What needs to be done: Among the records that follow, set down only the lines from the one containing "2022 KEYSTONE RV" to the one containing "17 Універсал Opel Astra 2011 в", both included, exactly.

Available records:
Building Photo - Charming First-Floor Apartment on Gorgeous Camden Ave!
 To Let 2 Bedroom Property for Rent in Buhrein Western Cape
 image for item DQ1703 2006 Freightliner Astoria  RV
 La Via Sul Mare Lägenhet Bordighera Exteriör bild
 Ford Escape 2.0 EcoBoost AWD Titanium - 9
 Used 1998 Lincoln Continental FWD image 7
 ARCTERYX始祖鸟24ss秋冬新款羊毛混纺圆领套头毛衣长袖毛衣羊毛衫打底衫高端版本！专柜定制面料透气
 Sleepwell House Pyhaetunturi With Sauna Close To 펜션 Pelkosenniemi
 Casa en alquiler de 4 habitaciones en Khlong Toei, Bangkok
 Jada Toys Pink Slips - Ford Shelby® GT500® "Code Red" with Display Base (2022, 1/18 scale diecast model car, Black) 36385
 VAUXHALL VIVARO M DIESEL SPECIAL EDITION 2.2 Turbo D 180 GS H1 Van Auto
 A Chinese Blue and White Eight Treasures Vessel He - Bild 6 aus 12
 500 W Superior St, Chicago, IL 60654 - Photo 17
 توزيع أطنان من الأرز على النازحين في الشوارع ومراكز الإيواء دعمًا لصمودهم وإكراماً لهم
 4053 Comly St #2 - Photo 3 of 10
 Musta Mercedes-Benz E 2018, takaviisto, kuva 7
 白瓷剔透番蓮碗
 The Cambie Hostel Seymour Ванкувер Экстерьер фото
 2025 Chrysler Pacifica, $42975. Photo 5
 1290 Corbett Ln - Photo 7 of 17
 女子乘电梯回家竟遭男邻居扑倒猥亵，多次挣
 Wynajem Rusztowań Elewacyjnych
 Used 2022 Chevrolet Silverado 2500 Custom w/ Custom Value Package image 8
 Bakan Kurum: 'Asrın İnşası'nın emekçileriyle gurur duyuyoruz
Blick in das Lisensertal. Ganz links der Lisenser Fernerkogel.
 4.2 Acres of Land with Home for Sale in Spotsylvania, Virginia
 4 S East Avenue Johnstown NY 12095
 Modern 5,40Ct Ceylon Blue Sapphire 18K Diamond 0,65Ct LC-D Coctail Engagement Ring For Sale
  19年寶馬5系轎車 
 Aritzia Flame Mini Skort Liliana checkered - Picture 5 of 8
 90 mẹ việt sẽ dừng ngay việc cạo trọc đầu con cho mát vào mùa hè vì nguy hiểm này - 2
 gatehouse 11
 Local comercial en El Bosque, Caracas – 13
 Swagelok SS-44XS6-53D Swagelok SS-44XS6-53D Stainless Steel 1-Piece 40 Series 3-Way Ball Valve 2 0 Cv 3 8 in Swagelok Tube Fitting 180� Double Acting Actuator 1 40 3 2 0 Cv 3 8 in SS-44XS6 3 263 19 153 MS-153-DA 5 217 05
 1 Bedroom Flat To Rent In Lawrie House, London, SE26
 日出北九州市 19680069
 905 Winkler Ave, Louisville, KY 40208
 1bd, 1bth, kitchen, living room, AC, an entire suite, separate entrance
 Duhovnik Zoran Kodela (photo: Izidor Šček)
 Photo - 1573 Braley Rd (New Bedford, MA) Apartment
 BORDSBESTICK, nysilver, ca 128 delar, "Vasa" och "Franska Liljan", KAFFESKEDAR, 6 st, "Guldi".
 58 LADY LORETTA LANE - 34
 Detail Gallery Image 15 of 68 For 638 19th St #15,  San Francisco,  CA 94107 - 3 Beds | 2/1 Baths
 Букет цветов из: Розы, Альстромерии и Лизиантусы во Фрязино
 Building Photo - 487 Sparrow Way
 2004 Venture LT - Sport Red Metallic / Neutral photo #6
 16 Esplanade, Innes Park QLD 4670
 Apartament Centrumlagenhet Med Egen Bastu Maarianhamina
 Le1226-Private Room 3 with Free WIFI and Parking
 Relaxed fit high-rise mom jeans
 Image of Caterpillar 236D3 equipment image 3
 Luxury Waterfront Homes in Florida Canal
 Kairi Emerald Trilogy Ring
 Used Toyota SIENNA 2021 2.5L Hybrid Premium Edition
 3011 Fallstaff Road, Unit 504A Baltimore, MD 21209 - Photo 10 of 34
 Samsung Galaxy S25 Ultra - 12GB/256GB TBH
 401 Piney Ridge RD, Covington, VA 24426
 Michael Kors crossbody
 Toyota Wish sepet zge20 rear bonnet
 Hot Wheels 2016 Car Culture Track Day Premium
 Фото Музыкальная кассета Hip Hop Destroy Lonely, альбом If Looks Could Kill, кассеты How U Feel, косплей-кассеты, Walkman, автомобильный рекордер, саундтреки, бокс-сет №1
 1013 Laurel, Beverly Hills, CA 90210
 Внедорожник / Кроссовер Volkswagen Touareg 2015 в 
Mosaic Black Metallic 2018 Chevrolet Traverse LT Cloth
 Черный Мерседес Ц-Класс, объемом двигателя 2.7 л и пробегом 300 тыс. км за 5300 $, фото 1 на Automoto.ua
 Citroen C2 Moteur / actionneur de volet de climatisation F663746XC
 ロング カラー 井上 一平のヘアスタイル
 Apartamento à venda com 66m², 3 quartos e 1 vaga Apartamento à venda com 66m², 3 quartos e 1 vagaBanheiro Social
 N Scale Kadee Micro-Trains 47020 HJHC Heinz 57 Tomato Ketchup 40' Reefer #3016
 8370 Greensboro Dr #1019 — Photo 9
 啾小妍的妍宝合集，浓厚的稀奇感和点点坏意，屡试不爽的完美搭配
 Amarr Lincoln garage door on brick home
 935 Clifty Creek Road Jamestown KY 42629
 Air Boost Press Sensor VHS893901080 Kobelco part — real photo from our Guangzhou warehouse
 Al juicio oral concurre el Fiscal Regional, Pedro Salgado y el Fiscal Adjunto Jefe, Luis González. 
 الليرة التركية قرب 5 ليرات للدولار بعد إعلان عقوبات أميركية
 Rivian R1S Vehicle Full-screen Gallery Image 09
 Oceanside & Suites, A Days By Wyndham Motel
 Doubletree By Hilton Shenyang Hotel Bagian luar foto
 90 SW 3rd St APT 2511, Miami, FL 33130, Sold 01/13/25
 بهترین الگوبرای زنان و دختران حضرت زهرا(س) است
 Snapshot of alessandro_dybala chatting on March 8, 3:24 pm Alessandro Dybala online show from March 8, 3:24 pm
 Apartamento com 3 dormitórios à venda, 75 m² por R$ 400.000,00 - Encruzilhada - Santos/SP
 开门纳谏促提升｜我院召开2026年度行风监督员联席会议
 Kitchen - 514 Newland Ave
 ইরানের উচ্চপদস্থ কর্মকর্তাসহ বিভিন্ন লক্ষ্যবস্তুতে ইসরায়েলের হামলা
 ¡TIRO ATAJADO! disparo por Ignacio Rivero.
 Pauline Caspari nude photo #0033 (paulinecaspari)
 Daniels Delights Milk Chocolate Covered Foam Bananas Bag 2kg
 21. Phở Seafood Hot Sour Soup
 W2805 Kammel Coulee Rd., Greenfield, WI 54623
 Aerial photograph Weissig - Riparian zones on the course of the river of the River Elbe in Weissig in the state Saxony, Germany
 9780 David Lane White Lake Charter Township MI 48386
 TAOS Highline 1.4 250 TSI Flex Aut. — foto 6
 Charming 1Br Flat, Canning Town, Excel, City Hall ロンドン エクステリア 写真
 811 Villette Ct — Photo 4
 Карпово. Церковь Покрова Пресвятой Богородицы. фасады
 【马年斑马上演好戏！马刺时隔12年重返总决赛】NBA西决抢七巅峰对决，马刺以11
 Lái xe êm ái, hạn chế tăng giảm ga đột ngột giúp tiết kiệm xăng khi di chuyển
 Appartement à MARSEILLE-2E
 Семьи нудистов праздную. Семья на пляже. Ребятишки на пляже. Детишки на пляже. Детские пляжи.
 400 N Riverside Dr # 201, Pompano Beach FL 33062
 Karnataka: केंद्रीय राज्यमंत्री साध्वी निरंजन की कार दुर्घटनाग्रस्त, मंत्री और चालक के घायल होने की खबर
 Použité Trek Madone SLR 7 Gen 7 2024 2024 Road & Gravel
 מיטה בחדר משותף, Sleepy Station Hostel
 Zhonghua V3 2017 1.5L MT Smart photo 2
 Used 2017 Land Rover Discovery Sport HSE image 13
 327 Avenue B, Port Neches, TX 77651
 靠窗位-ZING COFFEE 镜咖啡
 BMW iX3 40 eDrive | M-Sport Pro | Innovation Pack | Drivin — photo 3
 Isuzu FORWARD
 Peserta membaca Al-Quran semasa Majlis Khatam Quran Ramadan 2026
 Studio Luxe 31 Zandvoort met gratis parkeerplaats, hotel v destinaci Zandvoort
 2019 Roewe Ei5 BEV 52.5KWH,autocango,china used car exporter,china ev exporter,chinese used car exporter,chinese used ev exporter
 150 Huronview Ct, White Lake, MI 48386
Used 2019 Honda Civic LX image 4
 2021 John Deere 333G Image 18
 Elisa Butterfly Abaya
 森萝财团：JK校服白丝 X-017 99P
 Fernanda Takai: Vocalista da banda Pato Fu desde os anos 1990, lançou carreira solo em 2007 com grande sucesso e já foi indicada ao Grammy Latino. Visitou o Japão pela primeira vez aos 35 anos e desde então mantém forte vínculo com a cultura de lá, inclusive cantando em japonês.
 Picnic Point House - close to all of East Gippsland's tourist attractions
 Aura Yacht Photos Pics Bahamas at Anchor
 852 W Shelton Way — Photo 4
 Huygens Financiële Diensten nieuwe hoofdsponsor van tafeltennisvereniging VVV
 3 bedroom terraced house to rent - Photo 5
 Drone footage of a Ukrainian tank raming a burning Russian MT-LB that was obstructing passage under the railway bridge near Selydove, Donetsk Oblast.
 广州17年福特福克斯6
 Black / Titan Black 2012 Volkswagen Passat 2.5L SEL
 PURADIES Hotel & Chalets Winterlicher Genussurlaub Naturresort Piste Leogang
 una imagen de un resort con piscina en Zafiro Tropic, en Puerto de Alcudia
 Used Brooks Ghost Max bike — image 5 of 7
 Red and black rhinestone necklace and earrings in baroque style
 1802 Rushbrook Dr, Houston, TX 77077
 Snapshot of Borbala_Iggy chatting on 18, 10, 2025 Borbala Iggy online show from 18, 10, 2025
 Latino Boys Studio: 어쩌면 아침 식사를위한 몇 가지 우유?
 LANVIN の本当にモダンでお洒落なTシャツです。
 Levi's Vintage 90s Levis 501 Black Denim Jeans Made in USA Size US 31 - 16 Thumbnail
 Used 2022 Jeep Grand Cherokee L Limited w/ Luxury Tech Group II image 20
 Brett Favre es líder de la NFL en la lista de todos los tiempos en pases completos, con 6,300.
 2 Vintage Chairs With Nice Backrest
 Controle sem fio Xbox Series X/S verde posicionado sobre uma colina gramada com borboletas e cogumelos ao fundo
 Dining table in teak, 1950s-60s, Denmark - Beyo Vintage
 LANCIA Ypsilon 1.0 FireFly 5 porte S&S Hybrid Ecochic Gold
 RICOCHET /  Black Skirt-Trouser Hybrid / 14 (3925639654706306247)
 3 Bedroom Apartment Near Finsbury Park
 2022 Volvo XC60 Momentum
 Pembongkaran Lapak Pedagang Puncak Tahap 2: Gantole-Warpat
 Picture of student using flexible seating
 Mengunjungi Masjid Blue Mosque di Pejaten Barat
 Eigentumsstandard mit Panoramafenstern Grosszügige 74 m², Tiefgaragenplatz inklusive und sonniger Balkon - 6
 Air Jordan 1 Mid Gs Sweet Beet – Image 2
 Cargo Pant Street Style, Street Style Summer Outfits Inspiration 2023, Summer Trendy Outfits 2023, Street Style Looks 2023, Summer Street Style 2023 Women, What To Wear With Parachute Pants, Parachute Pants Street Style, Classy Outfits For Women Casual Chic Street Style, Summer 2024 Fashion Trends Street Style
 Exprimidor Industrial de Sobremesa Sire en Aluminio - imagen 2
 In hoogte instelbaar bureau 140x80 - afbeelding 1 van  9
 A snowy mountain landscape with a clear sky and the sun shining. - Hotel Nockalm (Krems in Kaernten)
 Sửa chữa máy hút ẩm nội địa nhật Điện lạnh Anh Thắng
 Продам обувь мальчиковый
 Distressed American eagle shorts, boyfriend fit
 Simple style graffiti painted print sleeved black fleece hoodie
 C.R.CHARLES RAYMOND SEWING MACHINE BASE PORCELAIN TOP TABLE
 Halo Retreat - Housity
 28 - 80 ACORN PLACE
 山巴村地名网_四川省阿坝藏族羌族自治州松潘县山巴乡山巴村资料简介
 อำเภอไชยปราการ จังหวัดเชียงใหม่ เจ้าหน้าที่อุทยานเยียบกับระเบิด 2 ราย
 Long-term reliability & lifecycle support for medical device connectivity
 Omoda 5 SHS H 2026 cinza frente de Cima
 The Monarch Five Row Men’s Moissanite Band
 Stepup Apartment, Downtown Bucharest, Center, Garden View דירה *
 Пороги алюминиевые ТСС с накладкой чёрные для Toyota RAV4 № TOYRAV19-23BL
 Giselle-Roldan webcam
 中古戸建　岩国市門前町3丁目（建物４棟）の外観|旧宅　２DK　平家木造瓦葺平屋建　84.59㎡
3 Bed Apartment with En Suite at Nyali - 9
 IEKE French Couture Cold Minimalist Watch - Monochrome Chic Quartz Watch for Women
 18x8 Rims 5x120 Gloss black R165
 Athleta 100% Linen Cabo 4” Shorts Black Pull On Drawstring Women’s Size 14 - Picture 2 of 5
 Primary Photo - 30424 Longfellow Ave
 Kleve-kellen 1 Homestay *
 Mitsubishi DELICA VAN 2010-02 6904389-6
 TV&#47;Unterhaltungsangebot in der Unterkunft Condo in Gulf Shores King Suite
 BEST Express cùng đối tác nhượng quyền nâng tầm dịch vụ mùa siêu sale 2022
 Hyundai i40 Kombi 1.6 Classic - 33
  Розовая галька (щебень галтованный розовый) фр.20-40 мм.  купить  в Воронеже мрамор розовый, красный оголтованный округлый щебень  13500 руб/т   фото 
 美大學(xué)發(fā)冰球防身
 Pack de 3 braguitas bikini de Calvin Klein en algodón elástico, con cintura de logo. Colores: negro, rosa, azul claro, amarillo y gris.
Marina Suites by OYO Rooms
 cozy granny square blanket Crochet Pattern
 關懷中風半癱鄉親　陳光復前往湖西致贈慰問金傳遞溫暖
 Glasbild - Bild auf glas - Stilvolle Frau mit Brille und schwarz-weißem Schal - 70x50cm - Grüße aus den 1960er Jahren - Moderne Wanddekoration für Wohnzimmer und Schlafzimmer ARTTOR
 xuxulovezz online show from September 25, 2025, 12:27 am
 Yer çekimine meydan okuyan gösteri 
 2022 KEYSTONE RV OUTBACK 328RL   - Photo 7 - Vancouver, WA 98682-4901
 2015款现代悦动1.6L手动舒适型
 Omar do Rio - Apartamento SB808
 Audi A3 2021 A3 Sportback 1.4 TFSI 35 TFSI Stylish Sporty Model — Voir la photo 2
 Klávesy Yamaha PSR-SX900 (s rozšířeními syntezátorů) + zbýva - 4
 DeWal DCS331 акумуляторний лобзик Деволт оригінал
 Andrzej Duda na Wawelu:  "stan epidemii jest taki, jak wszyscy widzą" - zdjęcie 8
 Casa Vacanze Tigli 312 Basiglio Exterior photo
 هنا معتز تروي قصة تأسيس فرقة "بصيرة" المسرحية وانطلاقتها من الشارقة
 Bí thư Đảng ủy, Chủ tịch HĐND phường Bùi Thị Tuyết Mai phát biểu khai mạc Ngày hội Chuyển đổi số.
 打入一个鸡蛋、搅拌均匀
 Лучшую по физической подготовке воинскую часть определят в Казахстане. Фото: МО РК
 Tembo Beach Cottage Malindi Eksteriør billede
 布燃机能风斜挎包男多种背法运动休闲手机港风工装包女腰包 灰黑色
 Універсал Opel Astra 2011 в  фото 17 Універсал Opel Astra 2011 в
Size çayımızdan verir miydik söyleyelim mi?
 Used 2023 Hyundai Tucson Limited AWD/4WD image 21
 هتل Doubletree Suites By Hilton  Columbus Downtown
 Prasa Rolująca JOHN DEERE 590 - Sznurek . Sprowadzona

Result for this task:
 2022 KEYSTONE RV OUTBACK 328RL   - Photo 7 - Vancouver, WA 98682-4901
 2015款现代悦动1.6L手动舒适型
 Omar do Rio - Apartamento SB808
 Audi A3 2021 A3 Sportback 1.4 TFSI 35 TFSI Stylish Sporty Model — Voir la photo 2
 Klávesy Yamaha PSR-SX900 (s rozšířeními syntezátorů) + zbýva - 4
 DeWal DCS331 акумуляторний лобзик Деволт оригінал
 Andrzej Duda na Wawelu:  "stan epidemii jest taki, jak wszyscy widzą" - zdjęcie 8
 Casa Vacanze Tigli 312 Basiglio Exterior photo
 هنا معتز تروي قصة تأسيس فرقة "بصيرة" المسرحية وانطلاقتها من الشارقة
 Bí thư Đảng ủy, Chủ tịch HĐND phường Bùi Thị Tuyết Mai phát biểu khai mạc Ngày hội Chuyển đổi số.
 打入一个鸡蛋、搅拌均匀
 Лучшую по физической подготовке воинскую часть определят в Казахстане. Фото: МО РК
 Tembo Beach Cottage Malindi Eksteriør billede
 布燃机能风斜挎包男多种背法运动休闲手机港风工装包女腰包 灰黑色
 Універсал Opel Astra 2011 в  фото 17 Універсал Opel Astra 2011 в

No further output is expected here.